それがホクレンDistance Challengeでは、安藤ら実績のある選手も出場していたが、3000mで飛び出し独走した。「網走ではビビらずに行けました」
マラソンでは最初からビビらずに行く。
「目標は、強気ととられてしまうかもしれませんが2時間22分台です」と言ってのける。
ヤマダ電機はチーム作りの基本として、長距離のトレーニングにいかに前向きに取り組むか、ということに主眼を置いている。森川監督が選手たちを前向きなメンタルを持つような指導をしているが、なかでも石井は前向きの選手なのだ。
マラソンで結果を出すことを“当たり前”のように考えているのは、福島県出身ということも影響しているのかもしれない。
福島県矢祭町生まれ。1964年の東京五輪マラソン銅メダリストの円谷幸吉さん(故人)とは、同じ福島県中通り南部地区の出身である。学法石川高時代に全国都道府県対抗女子駅伝の成績で、円谷幸吉賞を受賞したこともあった。須賀川市の円谷幸吉メモリアルホールにも足を運んでいる。

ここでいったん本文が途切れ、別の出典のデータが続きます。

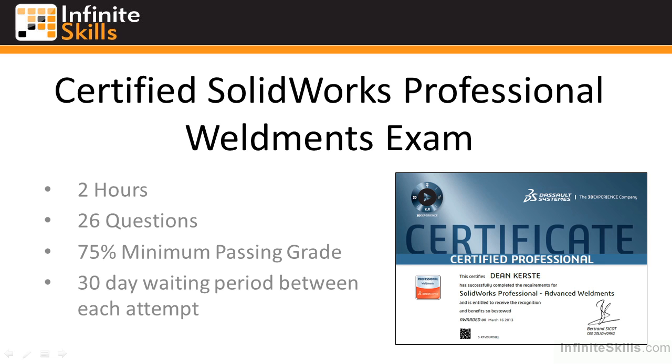As I said earlier, preparing for the Weldments exam is essential. Not only should you have formal training like you are receiving with the Infinite Skills video lessons, you should also research any areas of the Weldment environment you may be having difficulty with. In addition, there is also a practice Weldment exam on the SolidWorks website.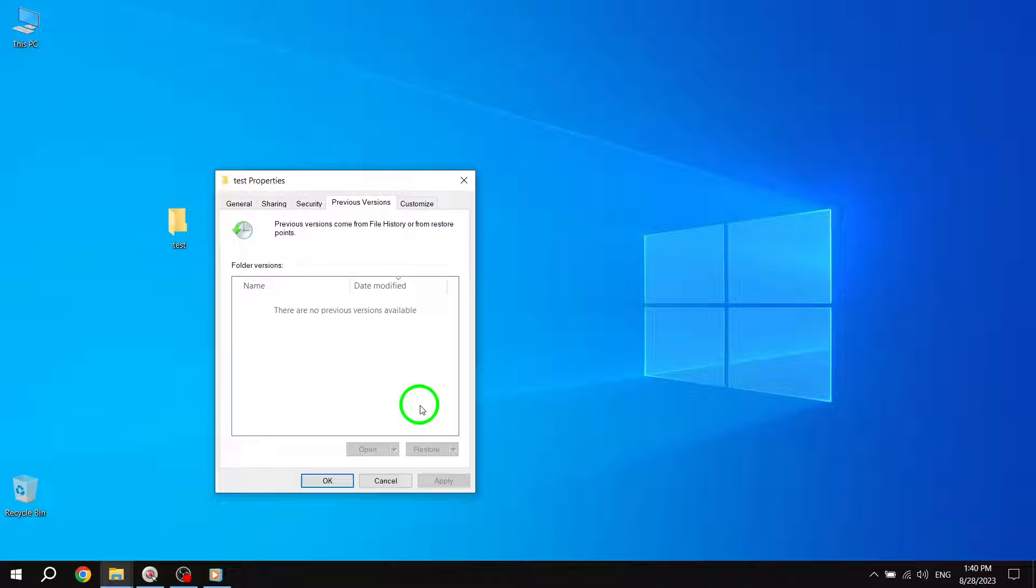Please note, if you don't see any files, folders, or if the previous versions or Restore buttons are not available or grayed out, it means that you don't have Restore points, file history, or Windows backup enabled.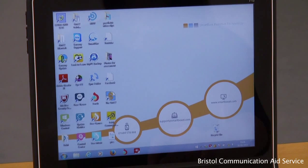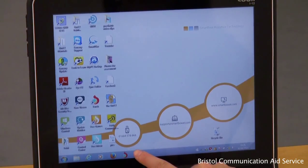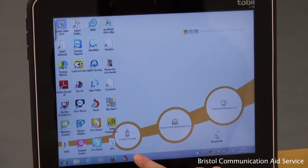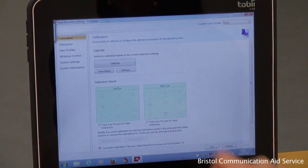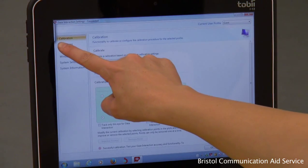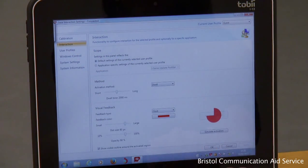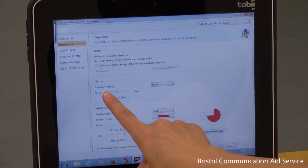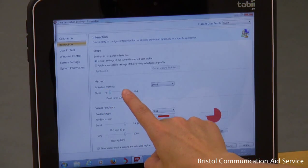To speed up or slow down the dwell selection timing, select the eye gaze icon to open the calibration screen. From the toolbar on the left, select Interaction. Here you can alter the speed accordingly under activation method. Short will speed it up and long will slow it down.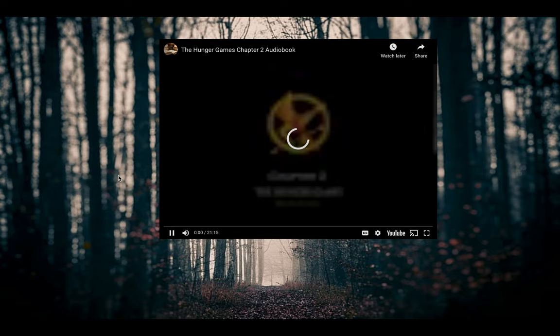Chapter Two. 'One time when I was in a blind in a tree waiting motionless for game to wander by, I dozed off and fell ten feet to the ground, landing on my back. It was as if the impact had knocked every wisp of air from my lungs, and I lay there struggling to inhale, to exhale, to do anything. That's how I feel now — trying to remember how to breathe, unable to speak, totally stunned as the name bounces around the inside of my skull. Someone is gripping my arm — a boy from the Seam — and I think maybe I started to fall and he caught me.'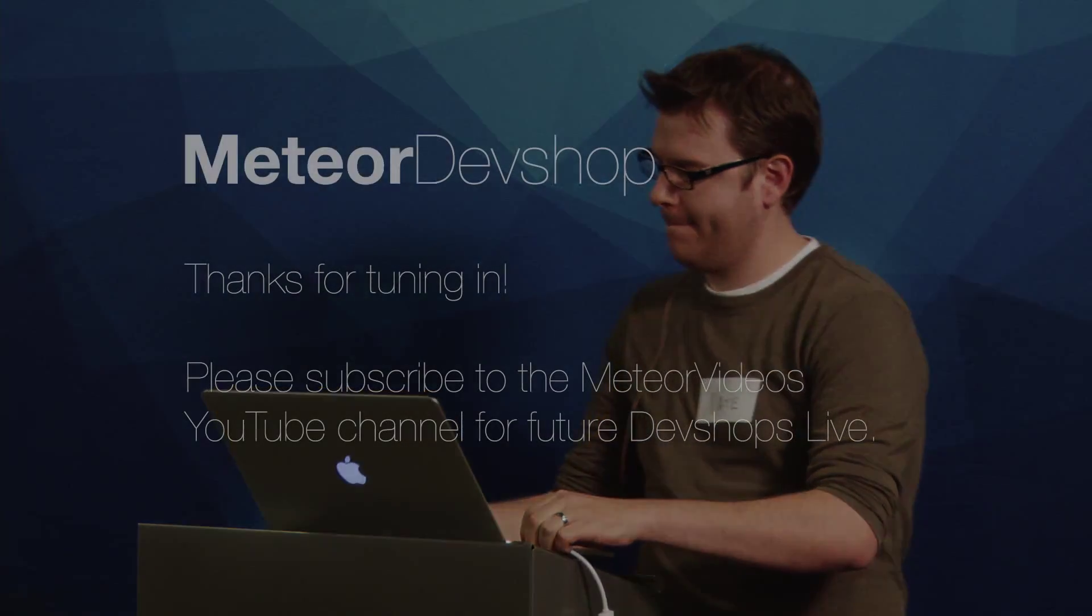Any other questions for Nate? Okay. Thank you, Nate. Thank you.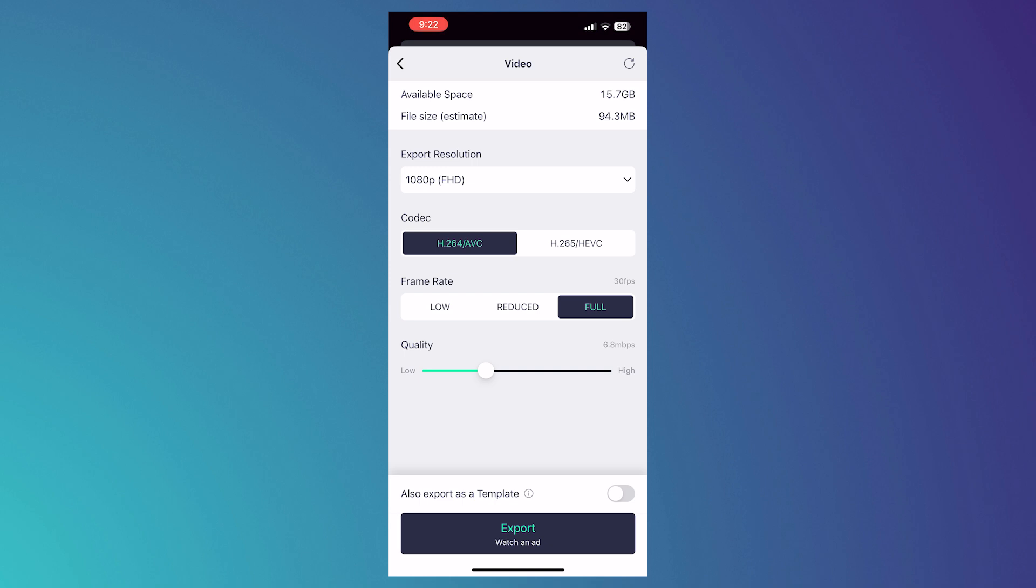Those are basically the tips on how you can fix the export error here in Alight Motion. I hope this video helped you out. Thank you for watching.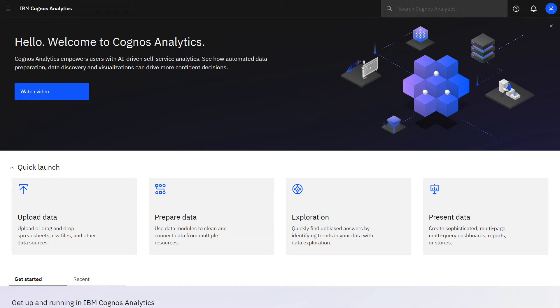Welcome to our video on how to upload your own data, where you will learn how to upload a file, create a data module, and replace a file.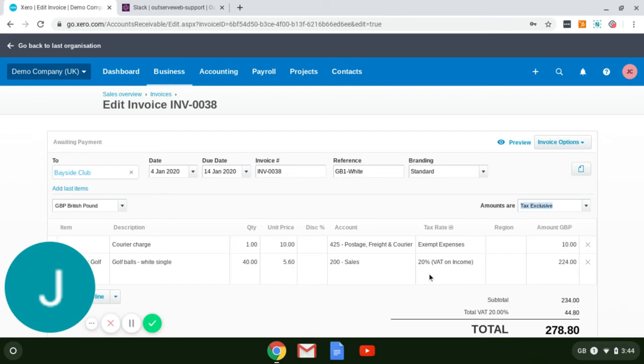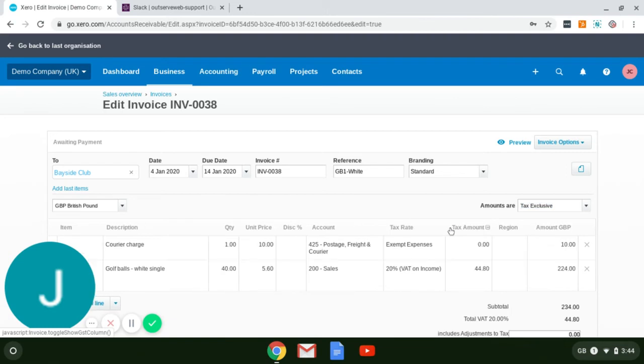There's now a plus icon that is generated next to the tax rate. Clicking on this will open up a new category called tax amount. It is here that you'll make your amendments.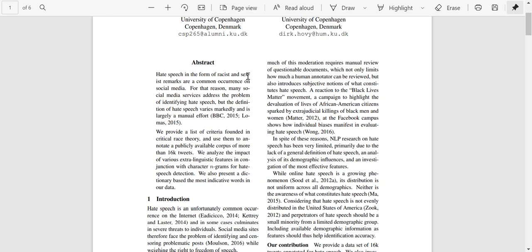In the abstract, they discuss how hate speech is a form of racism and sexism, very common on social media platforms, and moderation is largely done manually with a lot of variation. At the time this paper was written in 2016, the new predictive models had not yet arrived, and there was no largely accepted definition for hate speech. In this paper, they provided a list of criteria founded in critical race theory and used them to annotate a publicly available corpus of more than 16,000 tweets, then analyzed it using different linguistic techniques.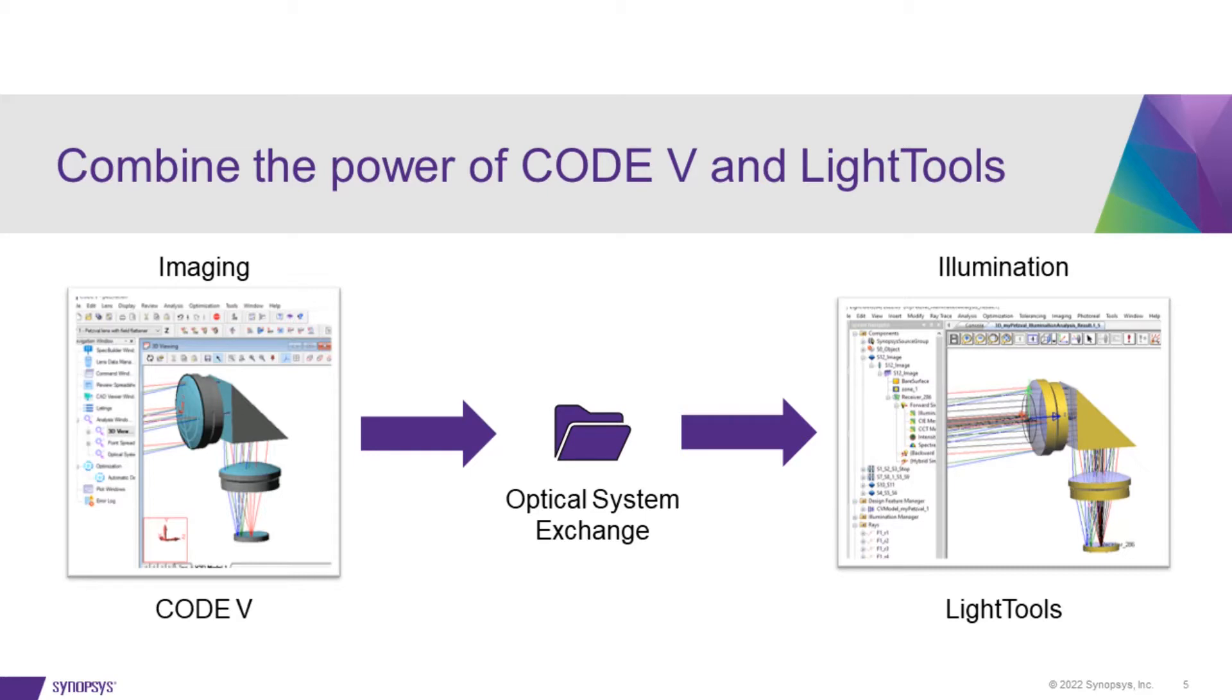You can design your lens in CODE V using the industry-leading optimization and tolerance capabilities, and then switch to LightTools to assess the lens for stray light, ghost images, and other illumination issues.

「高校の頃からマラソンに対して、憧れのような気持ちを持っていました。普通に20km走、30km走を走っていましたし、今回のマラソン練習では先輩2人(高田晴奈、竹地志帆)に助けていただきましたが、新鮮で良い練習ができたと思います。(将来的には)やっぱり福島出身なので、偉大な先輩に続いて東京五輪のマラソンでメダルを取りたい。メダルを目指している人たちよりもさらに努力をして、金メダルを取りたいと思っています」
結果はもちろんのこと、石井がレース中にどんな積極性を見せるのかにも注目したい。